The Washington Commanders clinched gold in the third round of the 2019 NFL Draft. Terrelle Pryor’s failed experiment, Paul Richardson Jr.’s swing and failed signing, and the first-round pick’s lack of production Josh Doctson, led to an extremely exhausted reception hall.
Then came Terry McLaurin. Drafted to be the team’s special teams ace, he exceeded those expectations and more. Despite receiving assists from eight different quarterbacks during his three years in Washington, McLaurin was one of the most consistent contributors on the entire roster.
He amassed over 3,000 receiving yards in his first three years, totaling over 1,000 in his second and third years while coming just short of the 1,000 yard barometer in his freshman year. On top of all that, he was one of the dressing room leaders.
Leading by example, he received a captain’s patch in his second year at Washington and was one of the faces of the new Commanders image. McLaurin is a fan favorite and one of the cornerstones of the franchise.
Entering his fourth and final year on his rookie contract, he is now eligible for an extension.

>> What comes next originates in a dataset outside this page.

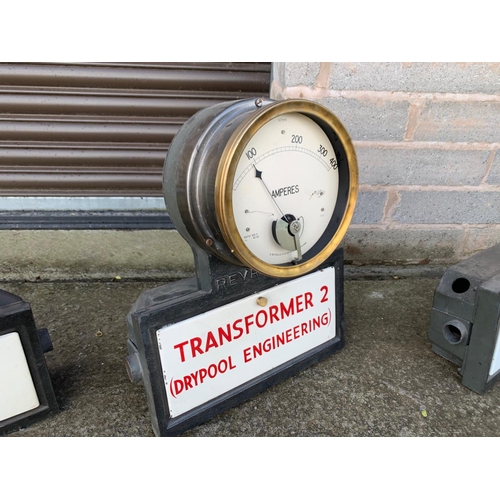 258 - VINTAGE REVRONE CAST IRON POWER STATION TRANSFORMER 2 METER WITH ENAMEL BOX AND BRASS GAUGE METER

The talks are not necessarily hostile, but according to Nicki Jhabvala from the Washington Post, the two camps are still far apart and McLaurin will likely miss the mandatory minicamp. Al Galdi also noted that the last two players in Washington to skip minicamp, Trent Williams and Albert Haynesworth, didn’t hang around any longer.
While this doesn’t cause Commanders fans to sound the alarm on Code Red, it is a somewhat significant development. Washington could still sign McLaurin to an extension before training camp and that becomes a non-factor, but frankly, he shouldn’t have reached this point.

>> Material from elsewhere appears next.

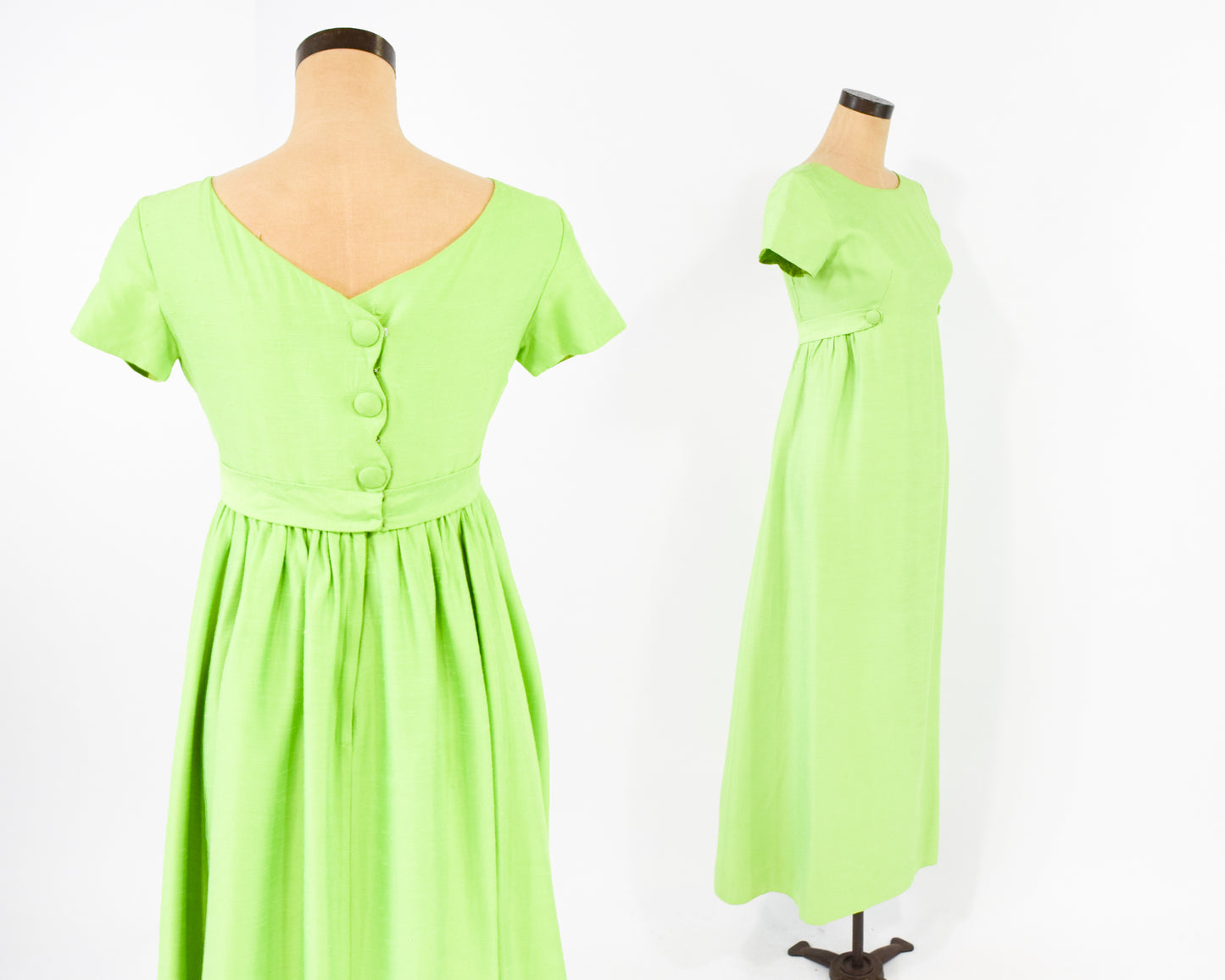 1960s Lime Green Silk Dress Small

Washington Needs to extend McLaurin. Terry McLaurin is one of those “you gotta pay it” guys. Commanders need to complete this one.
The importance of extending Terry McLaurin for the Commanders
Ron Rivera preached how important team culture is to franchise success. To create a positive culture, players must embody it. And Terry McLaurin is that player for Washington. He is humble, has never complained about the less than ideal QB situation, has been a productive player and is a leader in the locker room.

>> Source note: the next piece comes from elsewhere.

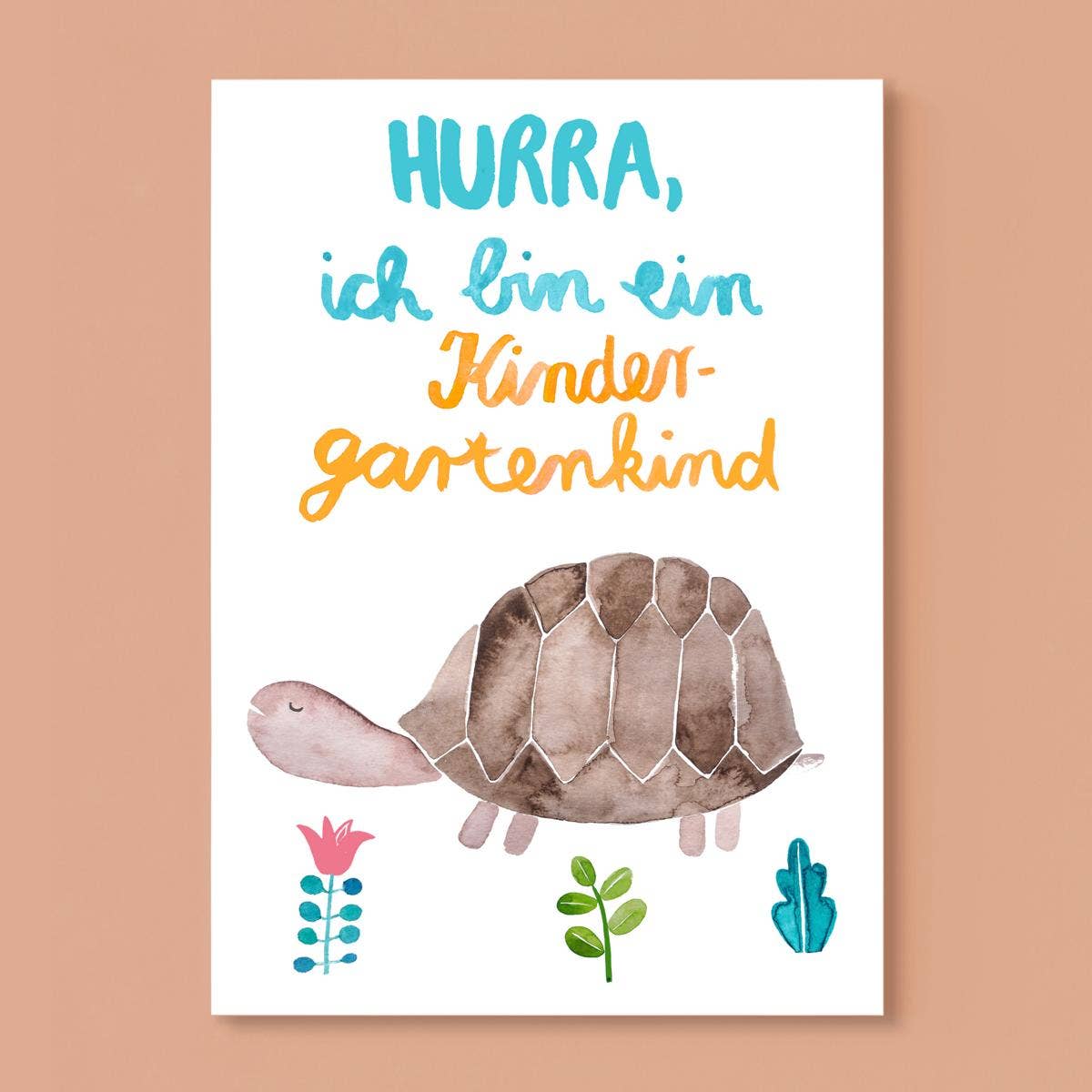 Kindergartenkind mit Schildkröte A6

If Washington weren’t to extend McLaurin this offseason, chances are McLaurin will still play. It is almost impossible financially to hold a season for the whole season with the new CBA agreement signed in 2020.
But it will cause unnecessary friction and force the team to take the franchise route. It will make those culture buzzwords ring hollow. If Ron Rivera and Co. doesn’t reward the player for embodying “the culture” and being productive, then it becomes press conference jargon.
McLaurin is Washington’s “alpha” wide receiver. In a large receiver class in 2019 that included the likes of AJ Brown, DK Metcalf, Deebo Samuel, Hunter Renfrow and Diontae Johnson, McLaurin has a case for being the best of the bunch.
He is an elite road runner, with big hands and the ability to win against media coverage with his outing on the line. It has sufficient gust and speed, allowing it to gain below on its mid lanes and above. He also showed his ability to create for himself after capture.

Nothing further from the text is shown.